Using Datalog to Test for Access

by Rui Li

Using Datalog to Test for Access

Introduction

This summer, I was fortunate enough to get an internship at Teleport. Being part of the co-op program at the University of Waterloo, I have worked at many different companies before, and this internship will be my fourth placement as I finish my first term of the third year. The project that I was assigned to was an interesting one.

For some background, Teleport is an Access Platform that unifies access to SSH servers, Kubernetes clusters, web applications and databases across multiple environments. Teleport provides a Role-Based Access Control (RBAC) system that allows cluster administrators to allow or deny access to specific cluster resources such as SSH nodes, applications, databases, etc., based on the assigned labels. This system is similar to other cloud-based providers like AWS and Microsoft Azure and their RBAC systems.

However, even though this system is powerful, role configurations can be pretty complex.

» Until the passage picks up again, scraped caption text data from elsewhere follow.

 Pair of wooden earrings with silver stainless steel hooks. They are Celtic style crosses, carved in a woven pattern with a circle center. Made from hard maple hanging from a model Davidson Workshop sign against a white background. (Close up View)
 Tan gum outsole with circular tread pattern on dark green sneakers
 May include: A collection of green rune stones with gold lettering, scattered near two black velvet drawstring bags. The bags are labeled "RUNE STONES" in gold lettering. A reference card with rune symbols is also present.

Teleport currently does not provide good tools at cluster admins' disposal to troubleshoot any access-related issues. Questions such as "Can Alice SSH into Node x as root?", "Which roles prevent Alice from accessing Node x as root?" and "Which nodes can Alice access?" are hard to answer without understanding the access configuration.

The proposed project's purpose is to implement an access tester for Teleport that allows admins to answer these questions, using Datalog to help answer these queries.

What is Teleport?

As mentioned previously, Teleport is an Access Platform unifies access to SSH servers, Kubernetes clusters, web applications, and databases across multiple environments. Essentially, Teleport provides a convenient and secure way for users to access everything within an infrastructure. Teleport also has many different features that provide insight into all layers of the tech stack, such as the Unified Resource Catalog, Session Recoding, Audit Log, and Access Controls. In particular, we will need to dive deeper into the Role-Based Access Control (RBAC) system within Teleport.

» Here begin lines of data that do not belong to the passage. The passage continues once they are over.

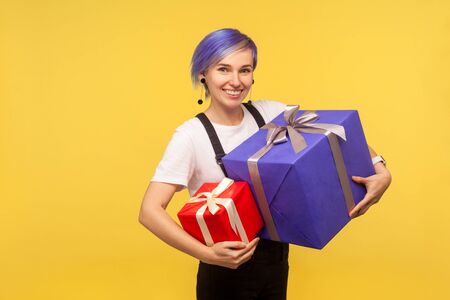 Portrait of admired joyful hipster girl with violet short hair in overalls holding two gifts, big...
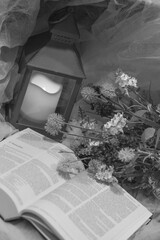 Flowers and a Lantern with an Open Bible
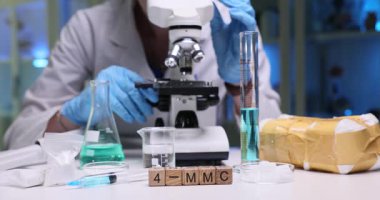 Bir bilim adamı laboratuvarda çalışıyor. Araştırma için çeşitli reaktörlerle mikroskop altında örnekler inceliyor.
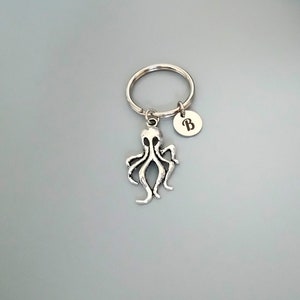 Puede incluir: Llavero de pulpo plateado con un llavero plateado y un dije plateado con la letra "B" grabada.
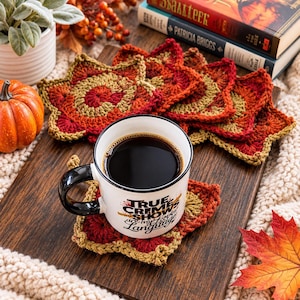 May include: A white ceramic mug with a black handle and the text "TRUE CRIME SHOWS are my love language" sits on a star-shaped crochet coaster. The coaster features a gradient of red, orange, and gold yarn. Additional matching coasters are stacked nearby.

For starters, there are users and roles. Users can be assigned roles that control access to specific resources. In Teleport, we can define this access in the allow and deny sections. These sections are a list of resource/verb combinations, such as node labels and logins. It is important to remember that the deny section always overrides the allow section, and the default behavior of the allow section is to allow nothing. There are many more configuration options for Teleport found in the documentation. In addition, there are role templates that can help avoid manual configuration when people join, leave, or form new teams. These templates can dynamically define access using template variables and user traits. For example, we can list logins as {{internal.logins}} and then further defined per user in the traits configuration. For more information about role templates, there is an official guide.

What is Datalog?

So what is Datalog, and why is it helpful in answering our questions? Well, Datalog is a logic programming language that is a subset of Prolog, and so an everyday use case for Datalog is as a query language for deductive databases. We thought that a querying language is a good fit for answering complex access-related questions in a coherent manner.

Datalog programs are written as a collection of logical constraints which the compiler uses to compute the solution. These constraints are sentences in logical form and are a finite set of facts (which are assertions of the world in which we operate) and rules (which are sentences that allow us to infer new facts from existing ones).

Here is an example of how Datalog works:

route(toronto, ottawa).

route(ottawa, montreal).

Here we have defined two facts: there is a route from Toronto to Ottawa and from Ottawa to Montreal. It is important to remember that the order of the constants do not matter; however, they will make a difference once we start writing the rules. In Datalog, variables usually start with an uppercase letter, whereas literal strings begin with a lowercase letter like above.

path(X, Y) :- route(X, Y).

path(X, Y) :- path(X, Z), route(Z, Y).

We have defined two rules, where we determine that there is a path from X to Y if X has a route to Y and that X has a path to Y if there is a path from X to Z, and Z has a route to Y. Next, breaking down the anatomy of these rules, the path(X, Y) part is called an atom. Each atom consists of the predicate, path in this case, and the variables/constants, which are X and Y. Different sources might use different terminology; for example, rules can be called clauses, and atoms might be called literals. Now, notice the ordering of the variables within the rule makes the routes we defined earlier as one-way routes, meaning there is a path from Toronto to Ottawa, but not from Ottawa to Toronto.

?- path(toronto, X).

?- path(ottawa, Y).

Now we can perform a query on Toronto, where we are essentially asking: "What cities, X, are connected to Toronto?" This query will return Montreal and Ottawa as specified by the rules previously. Similarly, the second query will only return Montreal.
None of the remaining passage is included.